*WHAT IS EXPECTED*
Omit the images and output every line of the data below exactly.

*DATA BELOW*
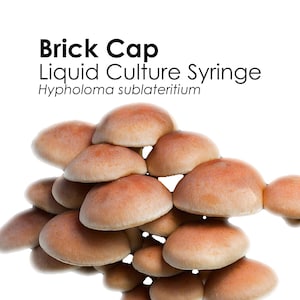 BRICK CAP Liquid Culture Mushroom Syringe Hypholoma Sublateritium Inoculation Mycelium Starter Culture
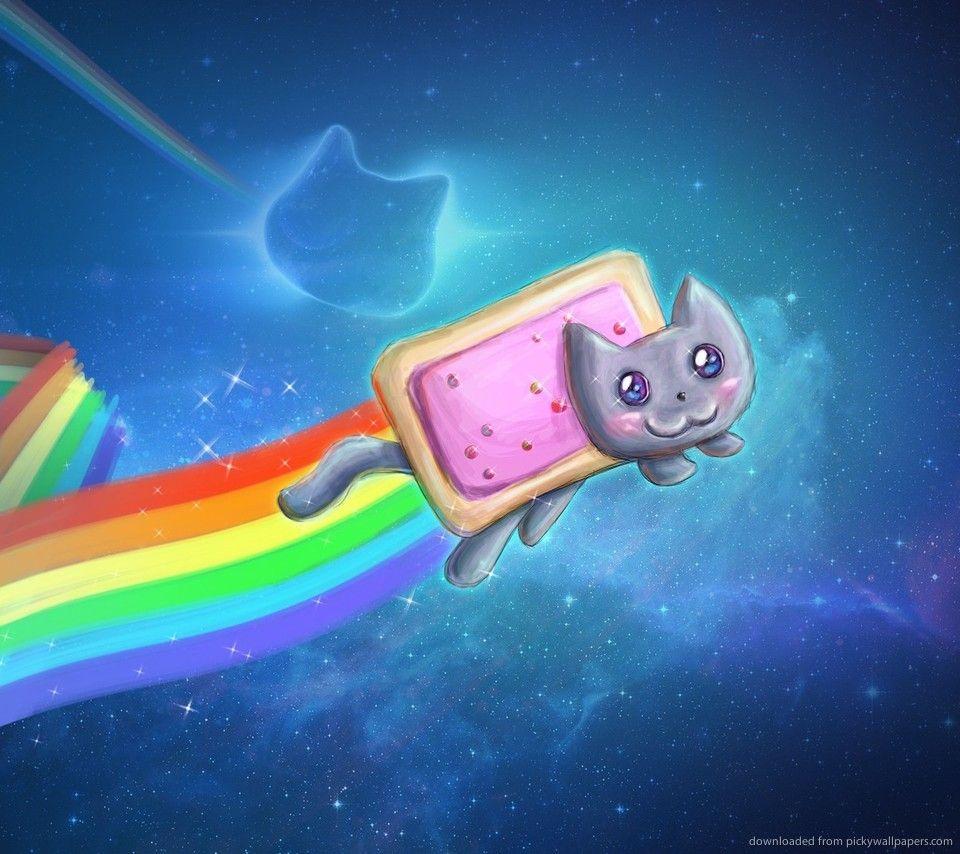 960x854 Cool Cat Wallpaper wallpaper Collections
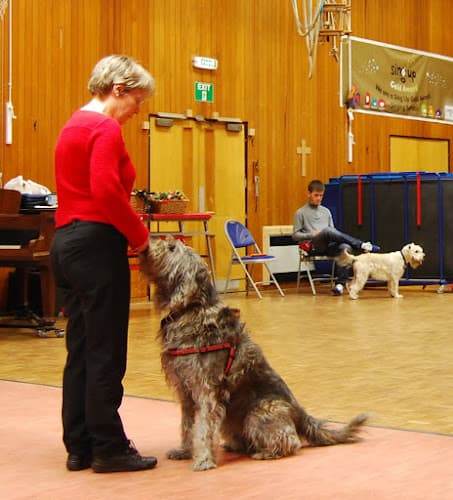 Business listing image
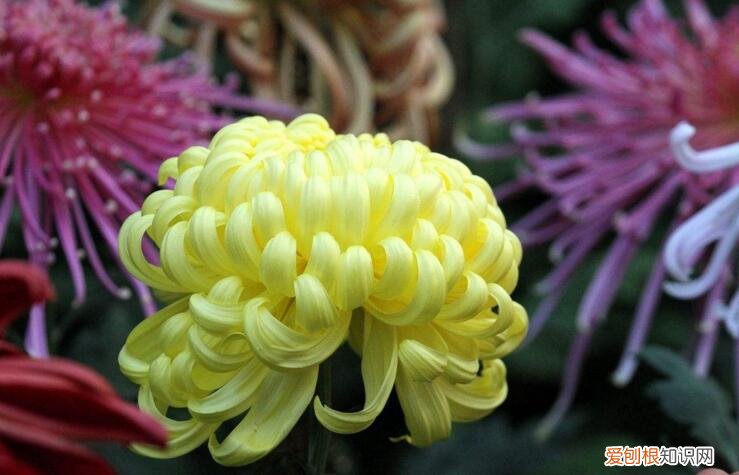 菊花代表什么象征意义 菊花的特点有哪些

*TASK SOLUTION*
 BRICK CAP Liquid Culture Mushroom Syringe Hypholoma Sublateritium Inoculation Mycelium Starter Culture
 960x854 Cool Cat Wallpaper wallpaper Collections
 Business listing image
 菊花代表什么象征意义 菊花的特点有哪些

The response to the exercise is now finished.